It has not always been the case, but today it is easy for retail investors to gain exposure to the value of a stock index and to benefit from the direction in which it may be moving, either higher or lower.
Who creates indices and what’s their methodology?
Indices were often created by data providers and ratings agencies, which is why they have names such as FTSE, where the FT stands for Financial Times and S&P 500, where the S&P stands for Stand & Poor’s the rating agency.
The indices have strict methodologies and rules governing how constituent companies are included for entry and when they are ejected. So for example the FTSE 100 includes the 100 largest publicly traded companies on the UK London Stock Exchange and the S&P 500 the 500 largest publicly traded companies on the New York Stock Exchange. However, there are other rules that companies have to comply with other than their size by market capitalisation, such as liquidity and the period of time that they have traded at the required sized. On that last point, for example, there is no point including a stock one quarter only to discovery by the next it has fallen in value to such an extent that it is no longer meets the market cap threshold.
However, not all indices are market cap weighted. The DJIA is price weighted, meaning the constituents are selected based on their share price. The FTSE 100 and the German DAX 30 are examples of market cap weighted indices.
Types of Indices Trading and Investing
There are a number of ways to gain exposure to indices, depending on which financial instruments you are most comfortable with and the amount of risk you wish to take.
Index funds
Index funds can be either mutual funds or include some exchange traded funds. In their mutual fund guise, they are collective investment vehicles in which the funds of investors are pooled to invest in all the companies that make up an index.
These types of mutual funds were known as trackers but are more commonly referred to these days as index funds. They are not confined only to stock indices, but in this guide we are concentrating on stocks.

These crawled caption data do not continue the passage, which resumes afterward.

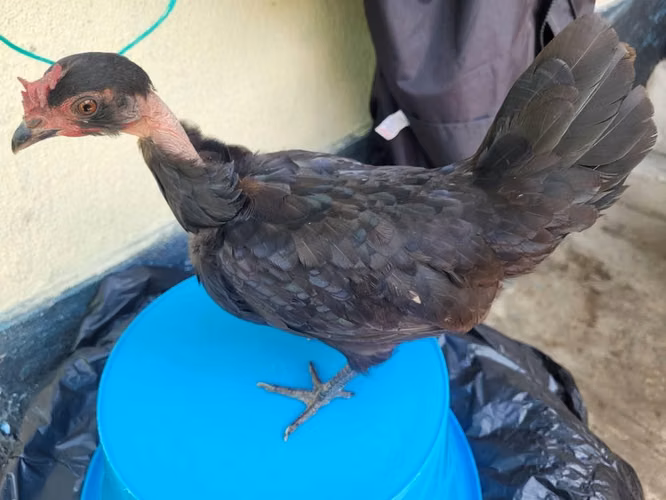 Gallina inglesa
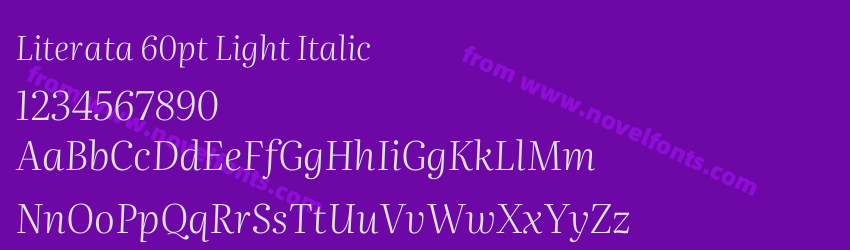 Literata 60pt Light ItalicPreview Literata 60pt Light ItalicPreview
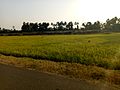 My beautiful vizag22.jpg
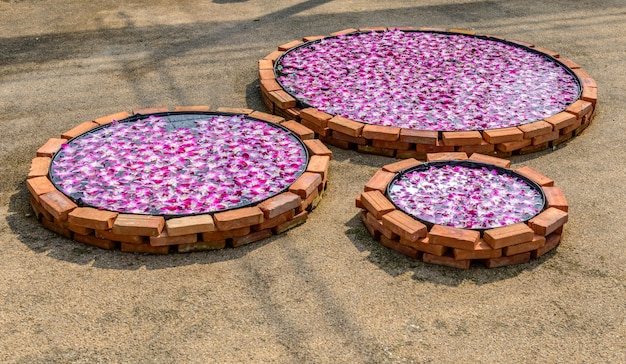 Flower floating in urban jar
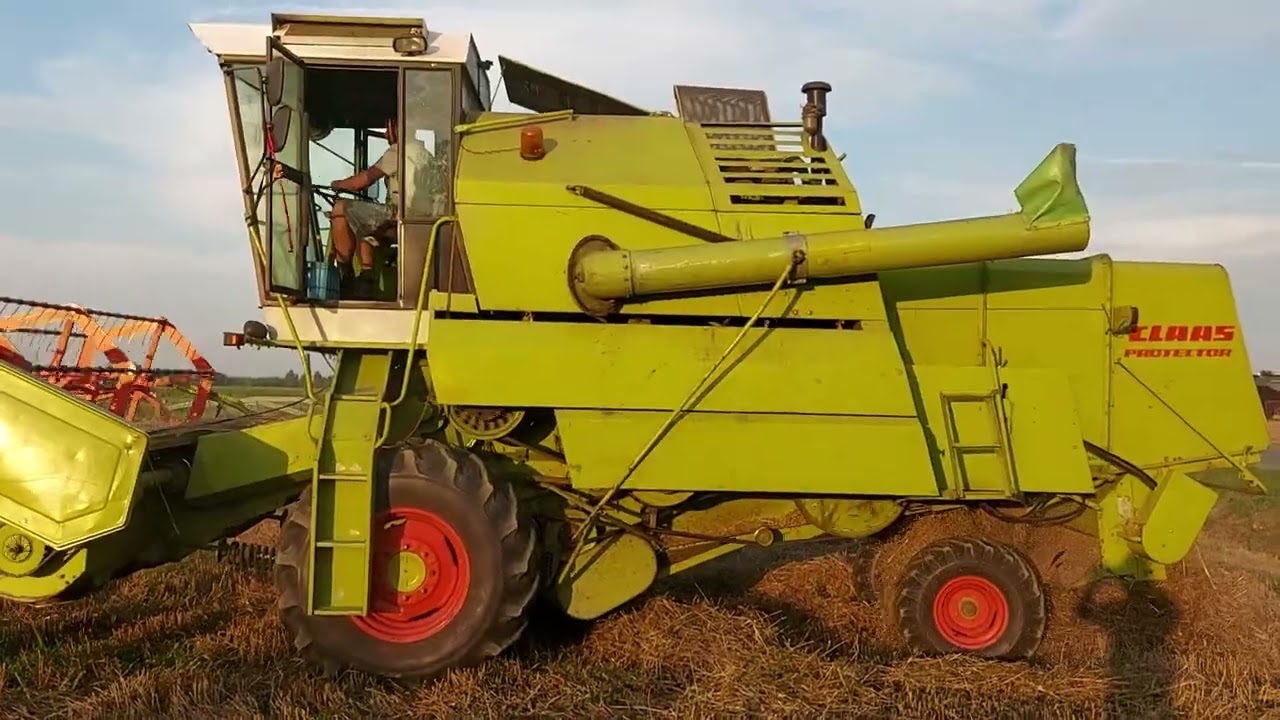 CLAAS PROTECTOR mały pięknie kosi, Żniwa Małopolska 2025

A mutual fund will track the stock index by either directly buying each company stock that comprises the index of, if the stock index contains an excessively large number of constituents such as the the US stocks small cap indices the Russell 2000 or Russell 3000, it may sample the index instead. In such circumstances the mutual fund will buy a sample of the stocks that. have been proven historically to mirror the overall performance of the index.
Index funds typically charge fees to investors in the region of 0.25% to 0.85%. That might not seem like much – and they are certainly a lot less than you would expect to pay for an actively managed mutual fund – but nevertheless they can eat into returns because of the effect of compounding. US investment group Vanguard has made a name for its elf as a pioneer of index funds and provides some of the cheapest and most popular products in the index funds area.
Index funds of the mutual funds sort, issue new units when investors buy into a fund. They do not trade on the stock market in the same way that you would buy shares. Instead they are priced just once a day. When you want to exit a mutual fund investment you will need to redeem your units, which means the fund manager destroys your units and returns cash to the investor to the value of the units owned.
Exchange traded funds
Exchange traded funds are similar to mutual fund trackers in that they track the price of an underlying asset or basket of assets, often represented in an index, but unlike mutual fund index trackers, an ETF trades on the stock market like normal shares – so they have a share price that moves constantly in real time in relation to supply and demand for the stock from buyers and sellers.
ETFs have grown enormously in popularity with retail investors because they are a cheap and flexible way to access stock indices in addition to a vast array of other asset classes and previously hard to access niches of the financial universe.
ETFs are even cheaper than index funds, with fees are in the range of around 3% to 4.5%.
Contracts for Differences
Contracts for differences (CFDs) are a derivatives product created by a financial institution in which a parties to a contract agree to pay the difference between the price when the trade is opened and the price at closure.
These derivatives products, and the CFD brokers that provide them, are popular with UK investors and there are a number of brokers that specialises in them. They can be used to gain exposure to all sorts of financial asset classes, not just stock indices.
They are higher risk than say an ETF or mutual fund because of the way they are constructed, which means it expensive to hold them for long periods of time because of overnight fees charged by the issuer to keep positions open for the contract holder.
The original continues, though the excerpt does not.